Again the Ombudsman accepted that Mrs S hadn’t spotted this message, although he did say that he struggled a bit: “Mrs S is asking me to accept that not once in the 12 years from 2004 to 2016 did she read any of the newsletters sent to her each year… or, if she did, she did not understand that she needed to notify… cohabitation.” Finding that Mrs S had acted in good faith, he accepted Mrs S’s change of position defence meaning that her scheme could not pursue the overpayment of about £55,000.
Where does this leave trustees?
As Mrs S’s scheme remarked, this all sets a worrying precedent and seems to give members a licence to claim ignorance. The Ombudsman has stressed that these cases are very fact dependent and involve finely balanced judgment calls.

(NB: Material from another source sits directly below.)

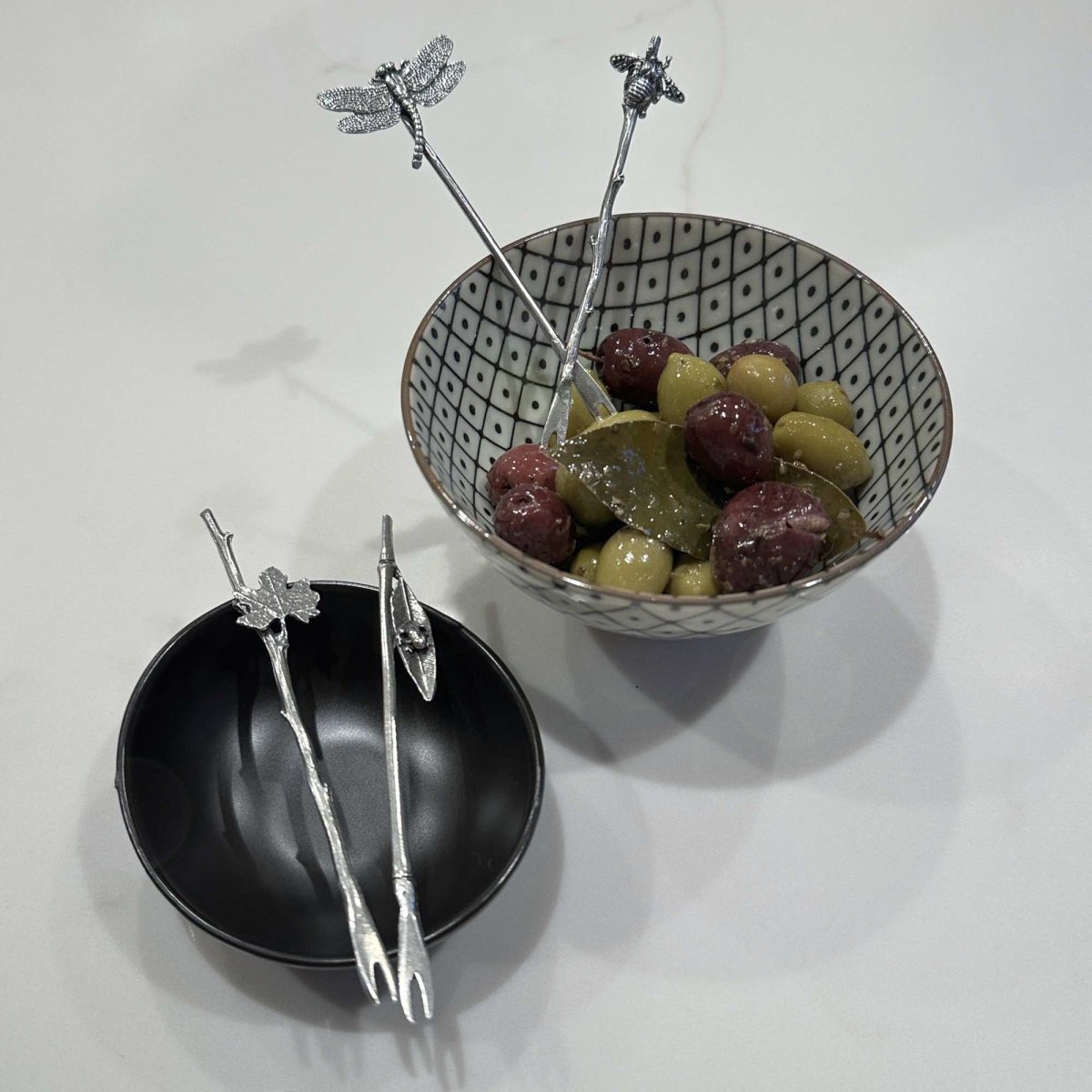 Hand-cast pewter appetizer picks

So what can trustees do to tip that balance in their favour and maximise their chances of reclaiming overpayments (recognising that mistakes – while regrettable – will happen from time to time)?

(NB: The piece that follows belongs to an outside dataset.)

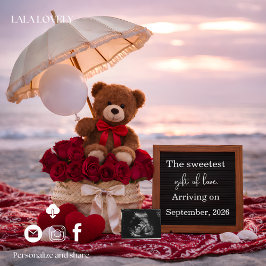 Romantic Baby Reveal Pregnancy announcement card  Meddelande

Well, at the risk of stating the obvious, clear and simple communications are absolutely key. The easier it is to see how the member’s benefits have been calculated, the more difficult it will be for the member to say they didn’t spot the mistake. The 2021 cases have set the bar pretty high for what counts as clear communication, so unfortunately this is not a fail-proof solution. But greater member understanding and engagement is an aim well worth pursuing for its own sake.
Is it time to dust off at retirement packs and look at them with fresh eyes? When were they last reviewed?

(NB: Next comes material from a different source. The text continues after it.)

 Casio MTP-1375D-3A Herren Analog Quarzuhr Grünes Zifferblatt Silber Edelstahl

Most schemes will (like Mrs S’s scheme) rely on receiving information from members to avoid certain overpayments where a member’s circumstances change (e.g. death or ill health). Mrs S’s pension continued to be paid for 12 years after she stopped being entitled to it and this only came to light when the scheme asked members to confirm whether their circumstances had changed.
Schemes with benefits linked to a member’s circumstances should consider:
- unmissable messages about informing the scheme, and
- regular checking exercises to flush out any information that members have failed to share of their own accord.
Finally, is there a case for carrying out a regular sampling of benefit calculations to flush out any recurring or systemic issues?
Where does this leave incorrect benefit statements? Are trustees now more at risk here too?
In a nutshell, no, but as we’re often asked about this issue it’s worth mentioning that the Pensions Ombudsman doesn’t appear to be taking a more member-friendly direction in these cases.
In the same month as the Ombudsman found that Mrs S hadn’t read the information provided to her but could still keep a large overpayment, he told Mrs D that she should really have known something was wrong with her benefit statement and couldn’t insist on receiving the higher benefits she’d been told to expect. This was despite Mrs D repeatedly asking the scheme administrators to check that the information they had given her was right and receiving written assurances.
The bar for a successful member claim based on an incorrect benefit statement is apparently still high. One reason is that these statements typically contain warnings that the member should not rely on the figures given, which are just estimates. In those circumstances it is difficult for the member to show it was reasonable to rely on the information.
The case of Mrs D shows how important it is for schemes to make sure the warnings in their statements are sufficiently robust, so if these haven’t been looked at in a while consider a fresh review.
Unfortunately for schemes, such disclaimers aren’t appropriate in overpayments cases.